まだ広くは知られていないとびきりの原石が、まばゆいほどの光を放つ瞬間に立ち会う。スポーツ記者の最上の喜びのひとつといえるだろう。
個人的に忘れられないのは2008年の1月2日、花園第2グラウンドで見た当時中学3年生の松島幸太朗の躍動だ。全国ジュニア大会準決勝、東京都スクール選抜のFBとして、圧倒的戦力を誇る大阪府中学校選抜の防御網を文字通り切り裂いた。ブカブカの短パン姿ではずむように駆ける走りの記憶は、今も鮮明に残っている。
2010年6月6日の関東高校大会、栃木県総合運動公園で隣のグラウンド越しに目撃した深谷高校1年生の山沢拓也の衝撃の100メートル独走トライの光景もよく覚えている。体の軸がまったくブレず、ステップを切っているのにまるでスピードが落ちない。試合後、関係者に「本格的にラグビーを始めて2か月」と聞いて、思わず「天才発見!」と胸がときめいた。

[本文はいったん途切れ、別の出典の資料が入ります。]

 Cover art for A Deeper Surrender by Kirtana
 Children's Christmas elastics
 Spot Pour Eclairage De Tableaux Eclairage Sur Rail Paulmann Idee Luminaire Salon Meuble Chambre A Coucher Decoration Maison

そしてこの12月。ひとりの大学1年生のプレーに心を奪われた。花園ラグビー場で行われた大学選手権3回戦。関西3位の同志社大学に挑んだ九州代表の福岡工業大学の背番号12、時任凜空(ときとう・りく)の才気あふれるパフォーマンスは、まさに際立っていた。
開始6分、ラインアウト起点の右展開で相手ディフェンスに接近しながら絶妙の位置へキックを転がし、いきなりあわやトライというシーンを作る。続く18分、糸を引くような鋭く美しい軌道のカットパスでWTB早田優生のビッグゲインを引き出すと、25分には長身の懐の深さを生かしたオフロードでCTB米村龍雅のラインブレイクをお膳立て。60メートル以上の飛距離を誇る滞空時間の長いロングキックでも、場内をどよめかせた。
全国レベルの強度とスピードに慣れてきた後半は、さらにいかんなく実力を発揮する。